### What you will do
Return all lines of the data in which the string "Yellow" occurs.

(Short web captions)
......

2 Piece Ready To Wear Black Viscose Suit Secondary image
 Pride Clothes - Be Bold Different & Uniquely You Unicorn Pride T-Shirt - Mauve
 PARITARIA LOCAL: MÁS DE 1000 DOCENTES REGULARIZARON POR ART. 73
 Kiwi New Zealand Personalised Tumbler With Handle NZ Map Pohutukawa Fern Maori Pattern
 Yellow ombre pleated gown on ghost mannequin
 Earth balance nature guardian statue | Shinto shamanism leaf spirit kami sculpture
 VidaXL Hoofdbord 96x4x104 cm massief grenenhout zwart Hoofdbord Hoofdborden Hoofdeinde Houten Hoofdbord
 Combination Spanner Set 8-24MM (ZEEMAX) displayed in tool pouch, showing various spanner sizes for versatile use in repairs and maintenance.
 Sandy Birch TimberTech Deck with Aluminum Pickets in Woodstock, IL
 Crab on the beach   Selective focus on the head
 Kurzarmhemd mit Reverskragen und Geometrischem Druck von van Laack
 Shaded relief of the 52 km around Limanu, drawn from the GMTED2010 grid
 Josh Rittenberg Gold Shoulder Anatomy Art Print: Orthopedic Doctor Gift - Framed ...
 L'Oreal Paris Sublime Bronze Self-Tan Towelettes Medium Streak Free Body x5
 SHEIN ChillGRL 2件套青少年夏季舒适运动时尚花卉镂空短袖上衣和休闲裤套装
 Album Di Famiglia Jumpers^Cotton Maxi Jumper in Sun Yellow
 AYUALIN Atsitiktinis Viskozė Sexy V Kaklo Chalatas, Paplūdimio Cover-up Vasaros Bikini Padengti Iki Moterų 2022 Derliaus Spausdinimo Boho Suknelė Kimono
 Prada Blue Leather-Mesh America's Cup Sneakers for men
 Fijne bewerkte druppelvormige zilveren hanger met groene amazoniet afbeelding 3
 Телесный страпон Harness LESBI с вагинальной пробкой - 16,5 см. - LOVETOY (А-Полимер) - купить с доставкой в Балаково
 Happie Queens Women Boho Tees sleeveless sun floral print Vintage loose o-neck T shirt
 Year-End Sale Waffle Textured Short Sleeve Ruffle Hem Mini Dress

......

### Your response
 Yellow ombre pleated gown on ghost mannequin
 Album Di Famiglia Jumpers^Cotton Maxi Jumper in Sun Yellow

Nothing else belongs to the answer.